Artificial neural networks (ANNs) have demonstrated remarkable utility in a
variety of challenging machine learning applications. However, their complex
architecture makes asserting any formal guarantees about their behavior
difficult. Existing approaches to this problem typically consider verification
as a post facto white-box process, one that reasons about the safety of an
existing network through exploration of its internal structure, rather than via
a methodology that ensures the network is correct-by-construction. In this
paper, we present a novel learning framework that takes an important first step
towards realizing such a methodology. Our technique enables the construction of
provably correct networks with respect to a broad class of safety properties, a
capability that goes well-beyond existing approaches. Overcoming the challenge
of general safety property enforcement within the network training process in a
supervised learning pipeline, however, requires a fundamental shift in how we
architect and build ANNs.

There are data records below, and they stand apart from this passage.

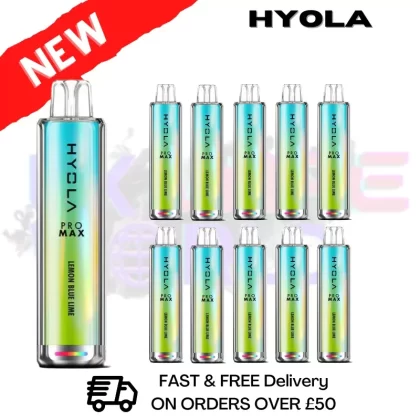Lemon Blue Lime Hyola Pro Max 8000 Puff Box Of 10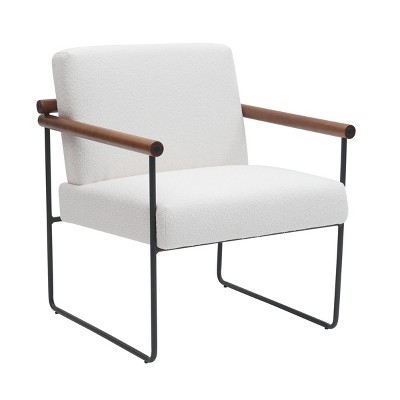 INFURNIC Accent Chairs Modern Armchair Stylish Minimalist Chair Comfortable Upholstered Lounge Chair for Living Room, Beige, 25.2"*26.8"*31.1"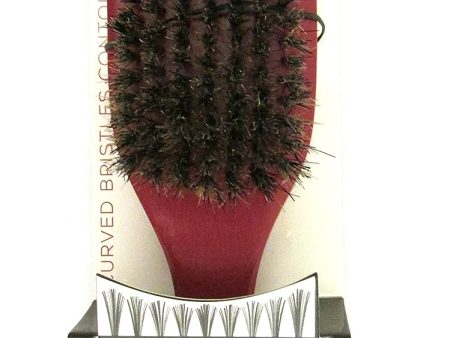 Annie Soft Wave Curved Bristle Brush 100% Pure Boar Bristles #2340 Online Sale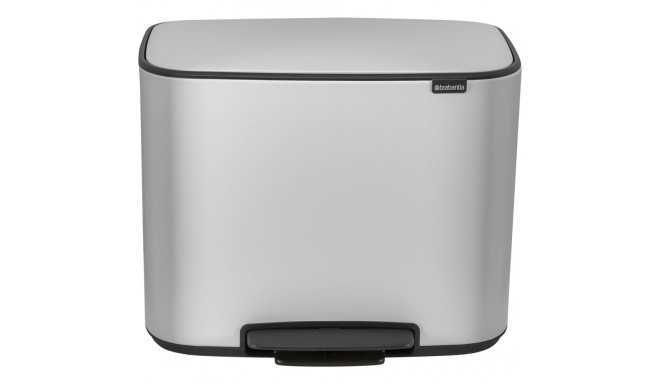 Brabantia Bo Pedal Bin white, 3 x 11 L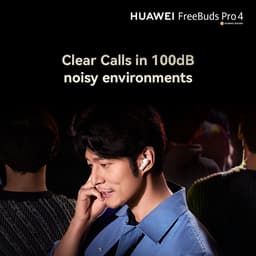 Huawei FreeBuds 4 Pro Zwart — thumbnail 4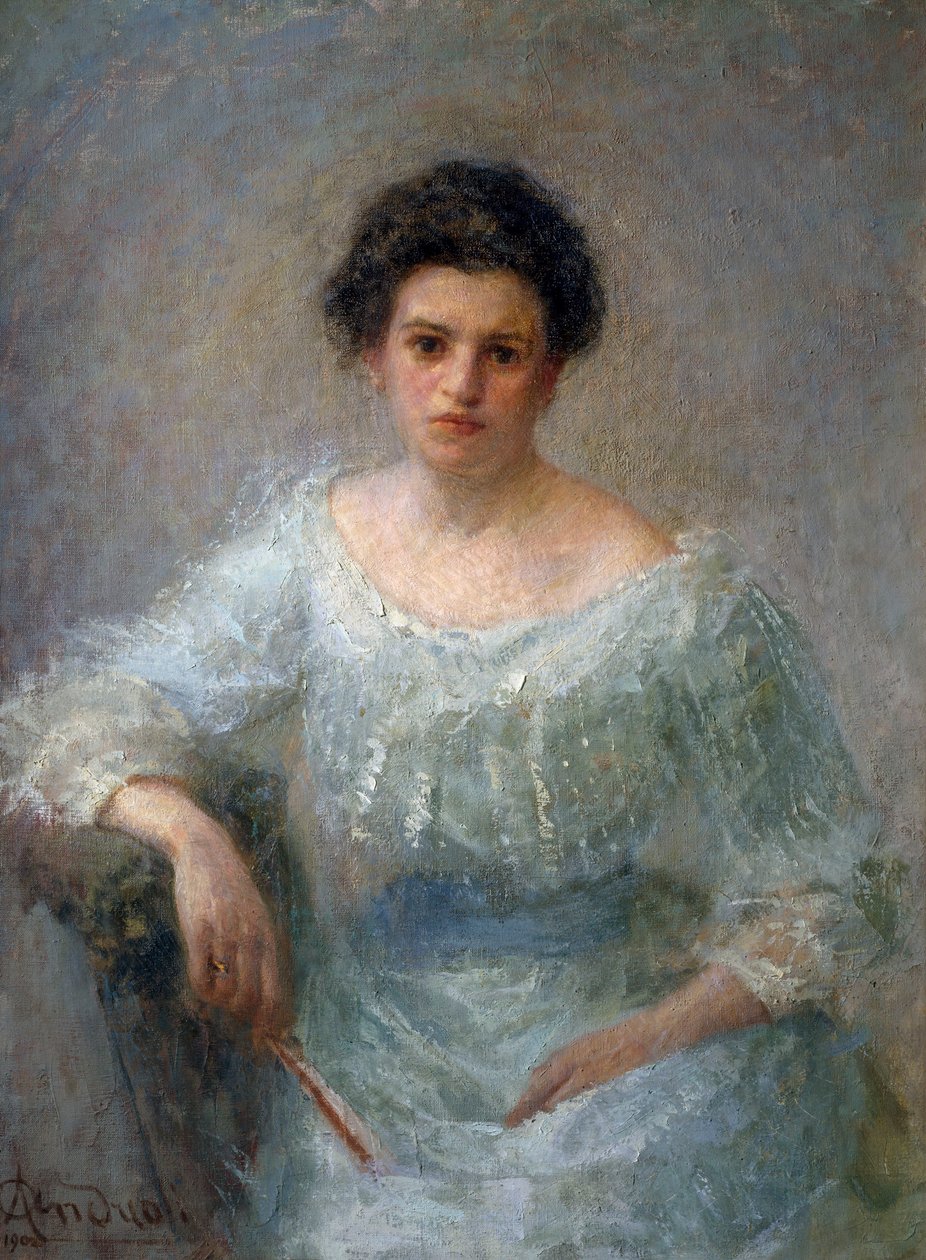 Portrét hraběnky Paoliny Faglia, po roce 1902 (olej na plátně) od Attilio Andreoli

Our key insight is that we can integrate an
optimization-based abstraction refinement loop into the learning process that
iteratively splits the input space from which training data is drawn, based on
the efficacy with which such a partition enables safety verification. To do so,
our approach enables training to take place over an abstraction of a concrete
network that operates over dynamically constructed partitions of the input
space. We provide theoretical results that show that classical gradient descent
methods used to optimize these networks can be seamlessly adopted to this
framework to ensure soundness of our approach. Moreover, we empirically
demonstrate that realizing soundness does not come at the price of accuracy,
giving us a meaningful pathway for building both precise and correct networks.